Según la última encuesta de la Federación del Gremio de Editores, el 38 % de los españoles no leen nunca, o casi nunca, un libro. Un porcentaje espeluznante, que seguramente aumentaría hasta límites sonrojantes si preguntasen cuántos de los entrevistados han leído libros de literatura (novela, ensayo, teatro, poesía…). Es que, dedicando tantas horas a la culta programación de Tele 5, queda poco tiempo libre para la lectura. Aunque el mal viene de muy atrás en la historia. Ya en un entremés de Cervantes, un candidato a alcalde protesta airadamente cuando le preguntan si sabe leer. Él está orgulloso de su analfabetismo como buen cristiano viejo que es. Y nos deja una sentencia histórica: los libros «llevan a los hombres al brasero y a las mujeres a la casa llana». Pero el porcentaje actual es realmente preocupante, pues estamos hablando de un país con una gran industria editorial y un peso enorme en ese mercado.
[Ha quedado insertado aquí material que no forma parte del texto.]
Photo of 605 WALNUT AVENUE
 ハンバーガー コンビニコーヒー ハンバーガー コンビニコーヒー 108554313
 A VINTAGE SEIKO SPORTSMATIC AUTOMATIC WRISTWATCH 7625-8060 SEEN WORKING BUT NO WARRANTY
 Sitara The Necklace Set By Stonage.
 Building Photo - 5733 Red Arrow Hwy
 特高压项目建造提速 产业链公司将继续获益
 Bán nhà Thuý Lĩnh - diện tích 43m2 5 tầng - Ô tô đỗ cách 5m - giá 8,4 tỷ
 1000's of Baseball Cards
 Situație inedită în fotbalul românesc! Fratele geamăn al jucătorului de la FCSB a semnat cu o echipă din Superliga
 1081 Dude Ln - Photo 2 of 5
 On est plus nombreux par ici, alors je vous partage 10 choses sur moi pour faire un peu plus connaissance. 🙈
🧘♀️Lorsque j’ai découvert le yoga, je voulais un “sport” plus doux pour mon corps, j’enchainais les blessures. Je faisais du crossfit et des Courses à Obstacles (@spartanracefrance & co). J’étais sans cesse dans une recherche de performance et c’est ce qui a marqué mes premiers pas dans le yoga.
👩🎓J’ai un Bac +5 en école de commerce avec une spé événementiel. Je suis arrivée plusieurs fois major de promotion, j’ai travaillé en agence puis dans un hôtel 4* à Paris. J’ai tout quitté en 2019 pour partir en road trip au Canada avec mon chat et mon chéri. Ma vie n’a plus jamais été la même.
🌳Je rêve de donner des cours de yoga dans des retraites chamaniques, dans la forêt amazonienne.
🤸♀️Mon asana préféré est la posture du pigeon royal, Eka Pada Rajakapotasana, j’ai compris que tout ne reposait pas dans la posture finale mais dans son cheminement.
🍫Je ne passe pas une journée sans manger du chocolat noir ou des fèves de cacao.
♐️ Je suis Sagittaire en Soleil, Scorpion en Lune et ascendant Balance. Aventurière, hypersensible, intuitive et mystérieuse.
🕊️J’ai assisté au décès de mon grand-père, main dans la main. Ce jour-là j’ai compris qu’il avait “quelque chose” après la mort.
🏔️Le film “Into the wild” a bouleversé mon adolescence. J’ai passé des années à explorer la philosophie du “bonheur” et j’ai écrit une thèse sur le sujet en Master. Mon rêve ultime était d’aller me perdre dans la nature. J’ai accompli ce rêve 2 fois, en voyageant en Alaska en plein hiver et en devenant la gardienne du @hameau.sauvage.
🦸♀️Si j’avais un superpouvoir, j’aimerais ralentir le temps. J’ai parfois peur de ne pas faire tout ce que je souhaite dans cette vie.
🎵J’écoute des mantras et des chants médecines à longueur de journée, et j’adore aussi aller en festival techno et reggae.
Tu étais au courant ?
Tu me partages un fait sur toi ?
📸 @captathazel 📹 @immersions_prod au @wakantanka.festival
Igual empieza ahora a hacerse notar aquí lo que ya se adelantaba en un libro de mediados de los años 60, La galaxia Gutemberg, de McLuhan. En él este profesor canadiense vaticinaba que, después de cinco siglos de apogeo de la imprenta, hemos llegado al final de la cultura impresa. Parece que esta teoría se confirma sin remedio en nuestro país…
Tradicionalmente, en España la culpa de que no se lea se le echa siempre a la escuela. Pues no sólo no es cierto, sino que es en la escuela donde el españolito medio leerá más que en ningún otro momento de su vida. En la enseñanza primaria y en la secundaria la lectura forma parte de la programación didáctica de la lengua castellana (y de la gallega, vasca y catalana en sus respectivas autonomías). En el bachillerato los profesores hacen lo que pueden aún a riesgo de dejar un poco de lado los ¡importantísimos análisis morfo-sintácticos…! Pero, ¿qué pasa después con el adolescente que no volverá a leer un libro literario? Pues que, o el sistema académico no ha logrado inculcarle la afición a la lectura tal como se pretendía, o bien que se ha extraviado entre la confusión que existe en el mundo de la literatura y a la que todos -unos más que otros, es cierto- estamos contribuyendo. La presión del mercado y de la publicidad, el interés espúreo de muchas editoriales que buscan y «encargan» a agencias literarias un tipo de novela determinada: una historia concreta, una intriga que ayude a mantener el interés, unas dosis adecuadas de violencia y erotismo, un número de páginas no inferior a quinientas… Sin olvidarnos de la propaganda con que se ofertan los grandes premios literarios españoles, que lo que pretenden, realmente, es vender muchos ejemplares de unas obras premiadas, sí, pero casi siempre al margen de la calidad literaria esperada. Los medios de comunicación, empezando por los periódicos, deberían guiar con honestidad al lector hacia lo bueno, hacia lo valioso literariamente hablando, que, por otra parte, no resulta tan difícil de reconocer.
Y hay que exigir a nuestros políticos que den ejemplo. Que «ministras y ministros», unos y otras, lean literatura, que se les vea alguna vez con un libro en la mano, que estén al día de lo bueno que se escribe porque eso, además, se les acabará notando. La buena literatura acabaría haciéndolos más cultos, más humanos, menos dogmáticos, más próximos. Pero me temo que hasta que un poeta lírico se alce con la presidencia de algún país importante, el ejemplo de leer no va a cundir entre nuestros políticos. Y así les luce el pelo.